No Hospital de Torrejón, a terapia com animais tem tido grandes resultados.



No Hospital de Torrejón, em Espanha, às terças e quintas acontece algo de invulgar. São onze horas da manhã e um grupo de idosos que sofrem de depressão conversa e ri, alegremente. Esta boa disposição deve-se à presença de Tango e Ron na sala.

Tango, um Golden retriever, e Ron, um Bichon maltês, são dois cães da organização Yaracán, dedicada à terapia assistida por animais, cujos membros concebem diversos exercícios para ajudar os idosos a manter o otimismo e a exercitar a memória.

“Antes não queria viver nem ver ninguém, mas desde que venho [à terapia] com cães, há três anos, estou muito melhor”, conta Antonio, um dos pacientes com depressão.

“Estou encantada por ter aberto as portas à iniciativa porque os resultados são muito bons e o segredo está no facto de os cães não julgarem nem questionarem o paciente, o que lhe permite abrir-se e relaxar para trabalhar na dinâmica da terapia”, conta, ao El País, Helena Díaz, diretora do departamento de Psiquiatria do hospital, que admite ter encarado a proposta de trabalhar com cães com ceticismo, no princípio. Acabou, contudo, por se render aos factos.

“Trata-se de uma terapia eficaz, com a qual se obtêm resultados reais, como a diminuição da medicação nos pacientes, a redução da ansiedade, da tristeza ou da sensação de solidão, assim como a melhoria da memória, da autoestima e da psicomotricidade”, diz.

Os dados recolhidos pela Unidade de Saúde Mental do Hospital de Torrejón comprovam a eficácia da terapia assistida por animais: 60% dos pacientes com depressão reduziram a sua medicação, houve um aumento de cerca de 80% na comparência nas consultas dos pacientes com esquizofrenia, que normalmente se mostram reticentes em fazê-lo, e reduziu-se em metade o uso de fármacos no caso das crianças.

De volta ao grupo de pacientes reunidos, Ron, o cão, abserva-os com atenção e aproxima-se da pessoa que parece menos à vontade para receber afagos e, quem sabe, um abraço. “Os cães têm empatia e instinto para saber que pessoa do grupo necessita de mais atenção, quando se encontra mais em baixo”, explica Begoña Morenza, directora da Yaracán, ao El País.

Begoña distribui cartões para um jogo que tem como objetivo melhorar a memória e no qual os idosos participam, entre muitos risos, enquanto Tango apoia as patas dianteiras na mesa para chamar a atenção e “supervisionar” o seu progresso.
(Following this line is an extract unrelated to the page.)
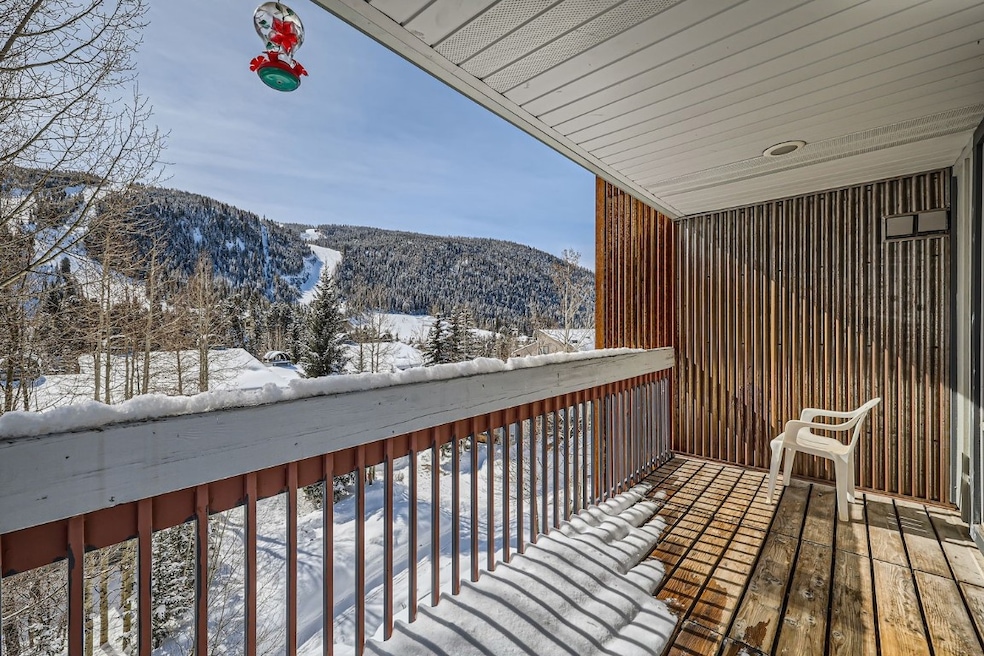 Snow covered back of property with a mountain view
Os idosos colocam por ordem atividades rotineiras, como “pequeno-almoço”, “desligar a luz e o gás antes de sair de casa” e “levar as chaves”, exercícios estes que se provam essenciais para alguns destes pacientes.
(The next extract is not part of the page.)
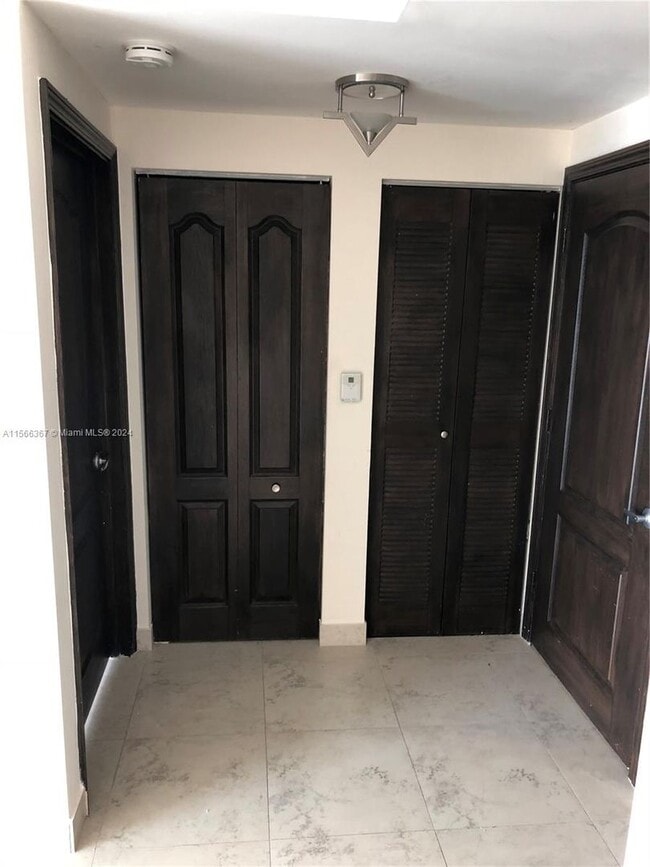 Building Photo - 117 NW 42nd Avenue 1603, Miami, FL 33126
Foto: Hospital Universitário de Torrejón

Não são só os idosos a tirar proveito desta terapia. Mónica, uma paciente do grupo de jovens com problemas psicológicos que participa no programa, explica que, para ela, a terapia foi muito importante, tanto a nível de integração social como laboral. Ajudou-me a não me isolar, a sair de casa e a retomar os estudos para ser auxiliar de terapia com animais, conta.

As crianças também participam no programa. “São os pacientes com os quais se obtêm os melhores resultados do trabalho com cães. São crianças acostumadas a que todo o mundo as repreenda pelo seu mau comportamento, mas o cão atua como um catalisador das usas emoções, que não as questiona. As repreensões desaparecem e o paciente relaxa”, explica a psiquiatra Helena Díaz.
A organização Yaracán também trabalha com dois colégios, em horário escolar, através de programas coordenados com os professores, que ajudam na integração, educação e na aprendizagem dos mais novos.

Graças aos resultados obtidos em Torrejón, há outros centros de saúde do país “que começam a ganhar interesse em introduzir de forma sistemática esta ferramenta, que reduz os custos do sistema de saúde porque diminui a utilização de medicação”, diz Helena Díaz.

Quanto aos cães, explica a diretora da Yaracán, devem possuir características chave de temperamento e carácter “como gostar do contacto com pessoas, assim como ter uma preparação específica para que sejam pacientes, disciplinados, previsíveis e que saibam gerir de forma adequada qualquer situação.”